At the end of the year, each government office proposed its own plan to cut costs or raise efficiency. Reforms in public enterprises and deregulation were popular ideas. Other ideas included laying off 10,000 government employees within four years and deregulation and liberalization up to the standards of advanced economies.

The government congratulated itself as if it had found a magic potion. But the economy didn’t get any better. In fact, it worsened day by day. The current account deficit reached $23.1 billion at the end of 1996. Financial companies had to seek high-interest loans from overseas to make up for losses.

The following year, one company after another - both big and small - went under, starting with Hanbo and Sammi. The country could not hold up any longer and finally declared itself bankrupt in November 1997. Each day had been nerve-racking. Few had time to worry about the 10-percent plans anymore. Maybe that was a good idea for a mildly challenging era, but it proved to be way too little, way too late in the kind of emergency Korea was facing. Worrying about competitiveness in the second half of 1996 had been a disastrous approach. When a life is at immediate risk, a tumor must be removed. A change in medication or diet isn’t enough.

The Korean economy is once again facing hard times. The Sewol ferry debacle in April that took nearly 300 lives also took a heavy toll on the overall economy. A heavy pall weighed over the nation, sucking life out of consumer spending. The 1997 crisis was both abrupt and acute, but a chronic disease is trickier to cure. The Korea Development Institute downgraded its growth estimate for this year to 3.7 percent from 3.9 percent. Without some new engine of traction, the economy will likely underperform the estimates.

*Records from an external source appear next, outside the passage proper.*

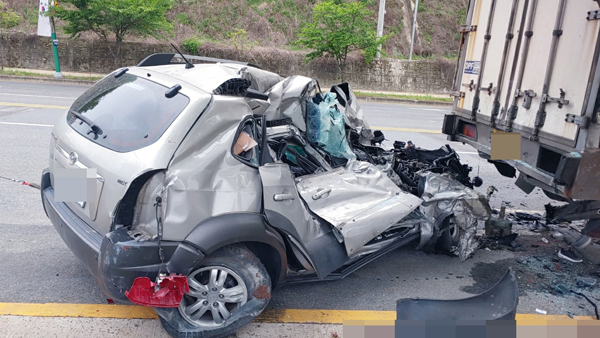 주차된 화물차 충돌한 SUV…1명 사망·1명 부상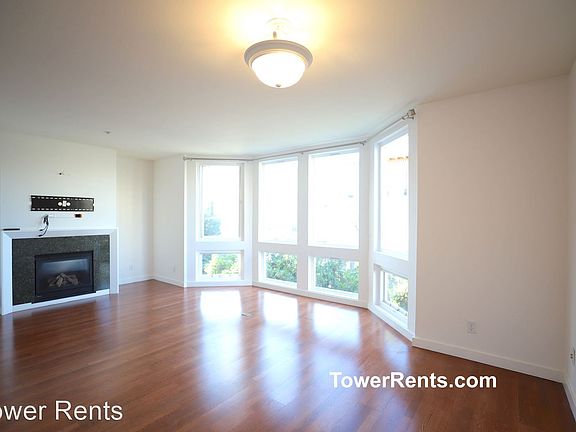 4th image of 3215 21st St #B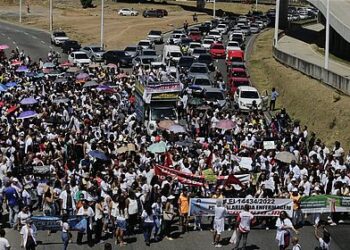 Enfermeiros baianos fazem protesto em defesa do piso nacional da categoria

In the beginning of the year, the government proudly announced a three-year plan to overhaul the economy. It listed a plethora of ways to improve the fundamentals of the economy. Action plans totaled 59, including an overhaul of public enterprises, deregulation, and revitalization of the service sector.

But these structural cures take time. The question is whether the economy can keep up in the meantime. If the economy worsens, that three-year plan could meet the fate of Kim Yong-sam’s 10-percent campaign in late 1990s. It could become irrelevant.

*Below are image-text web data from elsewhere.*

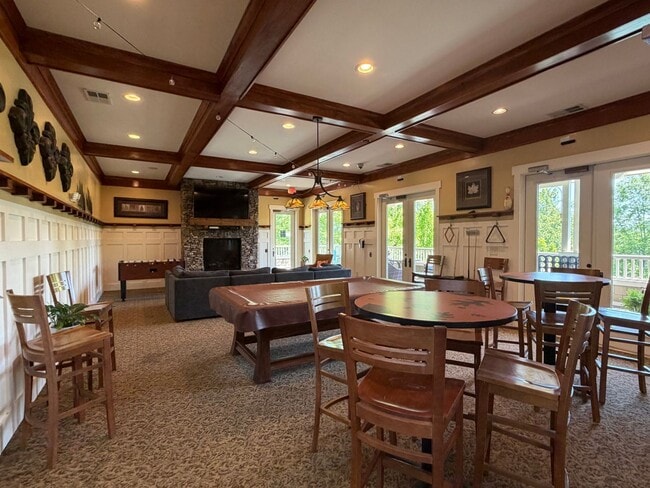 Building Photo - 1615 Elmwood Ct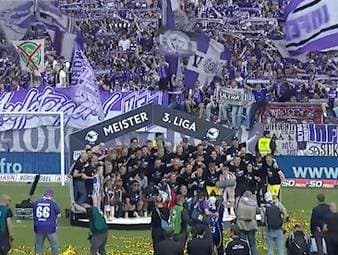 Der VfL Osnabrück ist Meister der 3. Liga und feiert den Aufstieg in die 2. Bundesliga. Bei der anschließenden Meisterfeier sorgen die Fans für eine beeindruckende und mitreißende Stimmung.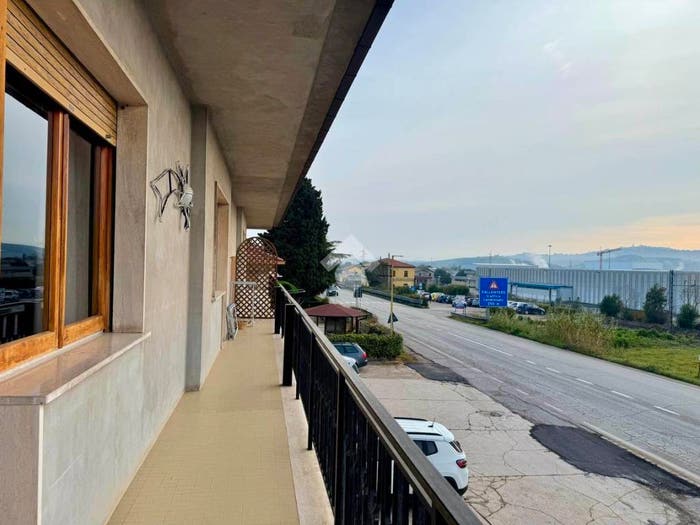 Appartamento quadrilocale in vendita in Trav Via Nazionale per Teramo, Mosciano Stazione, Mosciano Sant'Angelo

To prevent the plan from going to a waste, the government must demonstrate a will to act on it accompanied with short-term stimuli. Many object to artificial stimuli. But the truth is that the economy cannot afford a debate on the issue. The world is way ahead of us. The U.S. Federal Reserve pumped out as much as $4.5 trillion in its quantitative easing program since 2008. The fact that it has helped the U.S. economy avoid the biggest recession since the Great Depression cannot be disputed. Jobs have increased and stock prices have hit record highs. The European Central Bank also came up with an unprecedented action of moving beyond zero interest rates by going negative. Japan has been printing money without any ceiling to stimulate lending and spending. Whether these aggressive monetary maneuvers prove to work in the long run remains to be seen. But taking a risk is better than sitting on your hands.

The Park Geun-hye administration has wasted its first full year deliberating on whether it should try to ease economic inequalities or stimulate the economy. Instead of doing everything to resuscitate a dying patient, it spent time arguing about the treatment. The Korean won alone continues to strengthen while currencies in other markets have been weakened on monetary easing policies.

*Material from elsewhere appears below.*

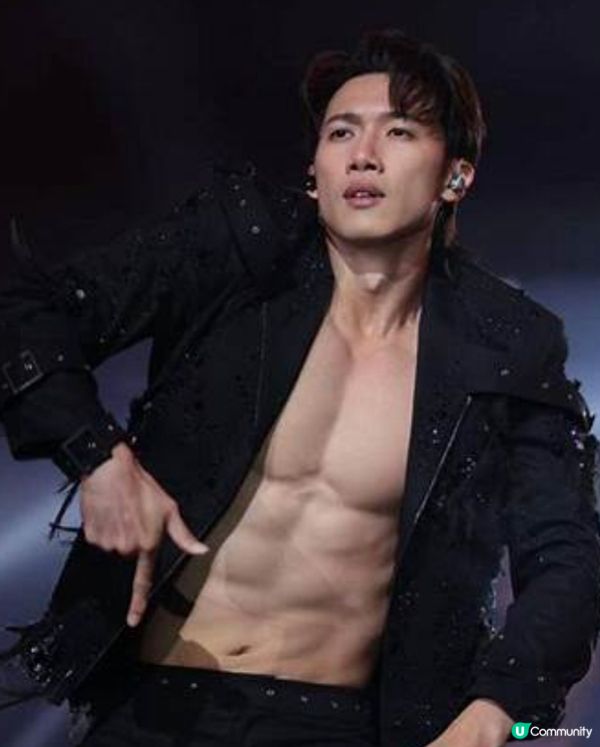 邱士縉 - 香港男歌手，香港男子跳唱組合MIRROR成員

The economy is in a state of shock. It needs radical action either through monetary or fiscal means. The new deputy prime minister in charge of the economy, Choi Kyung-hwan, must send a clear message to the market that his team is willing to do everything to save the economy.

JoongAng Ilbo, July 7, Page 32

*The author is deputy editor in chief of the JoongAng Ilbo and director of the Economic Research Institute of the paper.